In many current networking problems, in-network image or video scalability could improve the overall network performance (in terms of sum image quality, throughput, fairness, etc.). This would allow a node to adjust the data rate of the image corresponding to the rate decision of a transport layer congestion control mechanism, such as TCP or TFRC. Ideally, the distortion of the received scaled image or video D(N → L)would be proportional to the amount of scaling performed, i.e. D(L) ≈ D(N → L) Where N is the length of the original compressed image, L is the length of the scaled image or video and N → L represents an image of length N scaled to length L. JPEG2000 offers mechanisms for accomplishing this.
In-network rate control and scaling of the bit stream in JPEG2000 can be implemented simply by truncating the bit stream, allowing for very simple implementation.
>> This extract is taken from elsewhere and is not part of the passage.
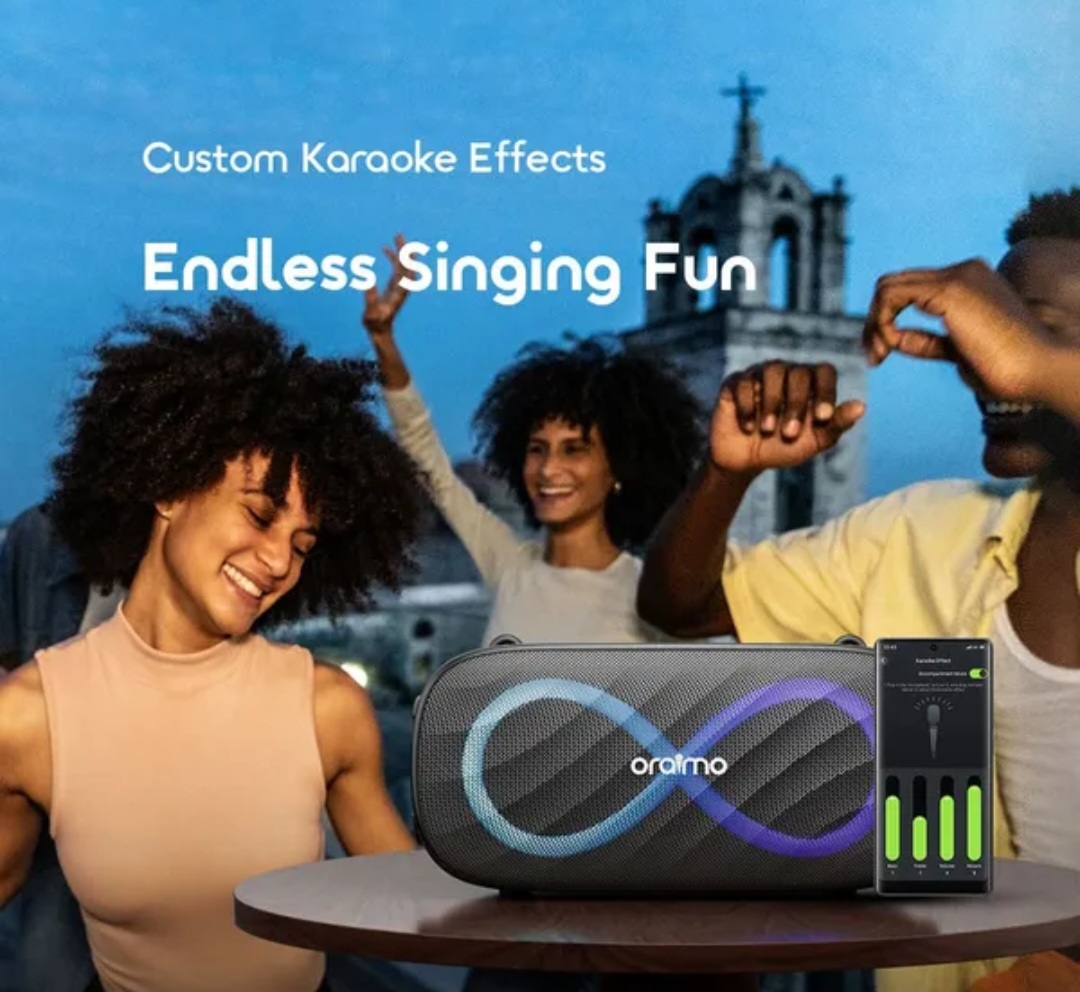 ORAIMO SPACE BOX 80W 🎤KARAOKE  - SUPPORT WIRELESS SPEAKER.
To accomplish this, the encoder needs to create an embedded bitstream, or a bitstream in which the lower quality components are embedded within the bit stream. This can also be looked at as enhancement, where the base image is encoded at the beginning of the bit stream and the remainder of the bit stream enhances the quality of that base image. Before discussing the overall bitstream format, we will clarify the differences between quality (or distortion) and resolution scalability:
Resolution Scalable
A resolution scalable image is one in which each added element will increase the resolution of the image. In JPEG2000, this corresponds to the different subband levels resulting from the discrete wavelet transform (DWT). For example, if there are 4 subband levels in the DWT transform, the beginning of the bitstream would consist of the elements representing LL4, which could be independently decoded. The next elements would represent LH4, HL4 and HH4, which would be synthesized to recreate LL3. Because of the nature of the DWT transform, the image reconstructed using LL3 and LL4 would have twice the resolution of that reconstructed from LL4 alone.
Quality Scalable
Quality scalability follows the basic definition of an embedded bitstream in that each element which is added enhances the quality. In other words, there is no way in which adding an element will reduce the quality. Embedded block coding such as bit-plane coding can accomplish this. Essentially, in bit-plane coding successive portions of the bit stream represent finer quantization of the image, resulting in increased quality.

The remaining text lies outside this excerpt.